We can certainly save the sheet as a CSV file and import that file, but that is an extra step -- where possible it is best to try and import the data directly using PROC IMPORT and the EXCEL option that is available inside the procedure. The basic syntax for the use of the procedure is:
PROC IMPORT DATAFILE="filename" OUT=dataset_name DBMS=EXCEL REPLACE; SHEET="sheet_name$"; GETNAMES=YES|NO; RUN;
The DBMS=EXCEL option tells SAS that the data coming in is from an Excel spreadsheet, while the REPLACE option is necessary if you want to overwrite an existing dataset (too many imports of data have failed because the programmer assumed any dataset of the same name would be automatically overwrittern when it is not!). The GETNAMES option is a YES or NO value and gives the choice for the user to get the names of the variables on the first row -- if YES, any blanks are converted to '_', and if NO then the variable names become F1, F2, etc.
There are other statements that can be used including MIXED, RANGE, SCANTEXT, USEDATA and SCANTIME but these are beyond the example used here -- consult the SAS User Documentation for the use of these statements.

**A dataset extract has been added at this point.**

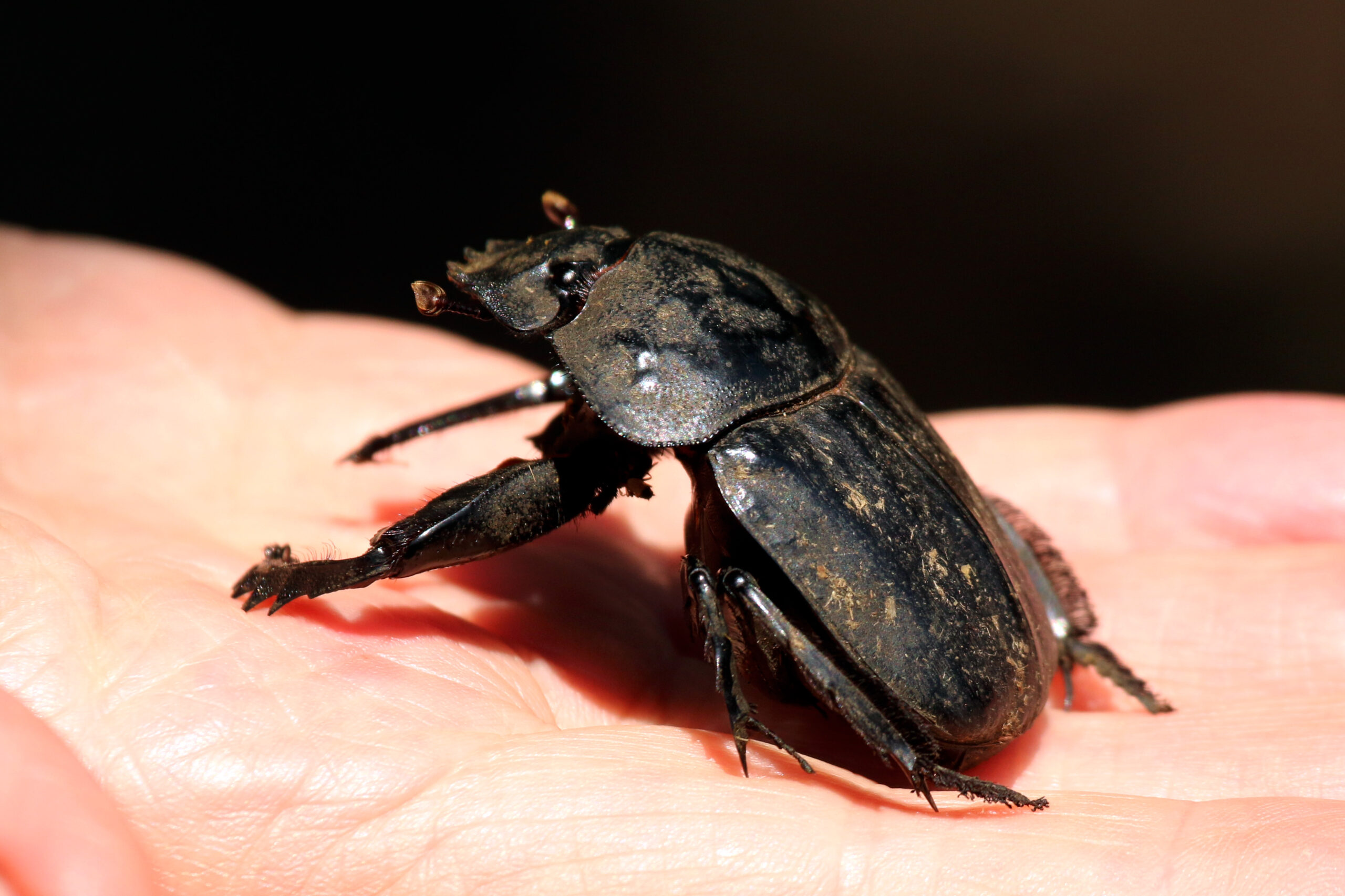 Modern Echoes: Giant Insects Today (image credits: wikimedia)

With this knowledge, lets import the data from the Excel file:
PROC IMPORT DATAFILE="C:\TEMP\Rivers.xls" OUT=longrivers DBMS=EXCEL REPLACE; SHEET="LongRivers$"; GETNAMES=YES; RUN;
The data we imported is ready for use.
It is possible to do a quick check on the data by running the following:
title1 "Listing of Ten Longest Rivers in the World"; PROC PRINT DATA=longrivers; RUN;
and we get the following output:
Listing of Ten Longest Rivers in the World LENGTH_ Obs NAME KMS 1 Nile River 6695 2 Amazon River 6516 3 Yangtze River 6380 4 Mississippi-Missouri River System 5969 5 Ob-Irtysh Rivers 5568 6 Yenisey-Angara-Selenga Rivers 5550 7 Huang He (Yellow River) 5464 8 Congo River 4667 9 Rio de la Plata-Parana 4500 10 Mekong River 4425
I hope this has been helpful. See you in September!
Updated August 2, 2013